Behind the scenes at the BBC Archive

 by Martin Belam, 25 August 2010

There has been lots of attention on the BBC's archive over the last week or so with a flurry of blog posts from the Corporation looking at the importance of putting historically important material online, the huge size of the collection and the challenge of preserving the material.

Jemima Kiss took a tour around the facility at Windmill Road for last week's Guardian Tech Weekly podcast, talking to Richard Wright, Adrian Williams and Roly Keating.

With all that interest, it seems churlish not to plug my own archive material on the topic. In 2005 I took a tour of the facility, and blogged it as "People Don't Like Basements But Tapes Do" - A Tour of the BBC Film Archive at Windmill Road.

Sign To The BBC's Film Archive

On that occasion, even though I was BBC staff at the time, I wasn't able to take any photographs inside the building. You can, though, get a look at the place in this video tour that the BBC has placed on YouTube.

6 Comments

You should have used your phone to take pictures... or maybe strap a secret camera on your hat?

It'd certainly make for an entertaining video if it'd be shot on a pair of spy glasses or such like! Still, I wonder why they were quite so secretive about it?

I wish they allowed you to take pictures. It isn't possible for everyone to visit the place. But pictures speak a thousand word. Though the video has done some part of it. A bundle of images would have been really great.

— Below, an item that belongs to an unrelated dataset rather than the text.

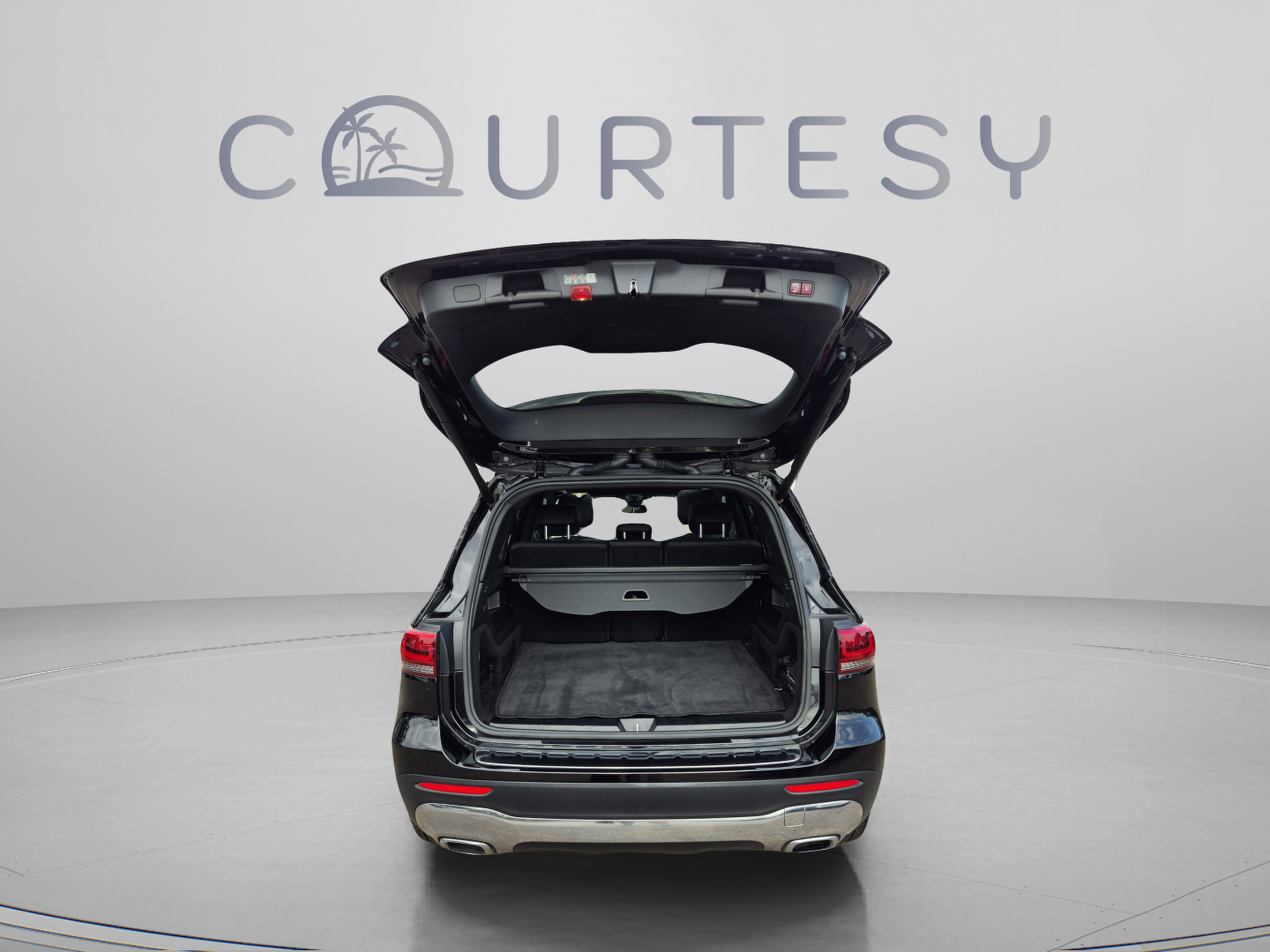 Used 2023 Mercedes-Benz GLB 250 image 11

Our team had an awayday at the Archives about 18 months ago. We were allowed to take pictures but were told several times that they were strictly for our own personal record and under no circumstances were we to make them public. Again, I'm not really sure what they were trying to hide (most of the pictures are of vast warehouses full of tape reels) but they were quite insistent that we shouldn't publish any photos.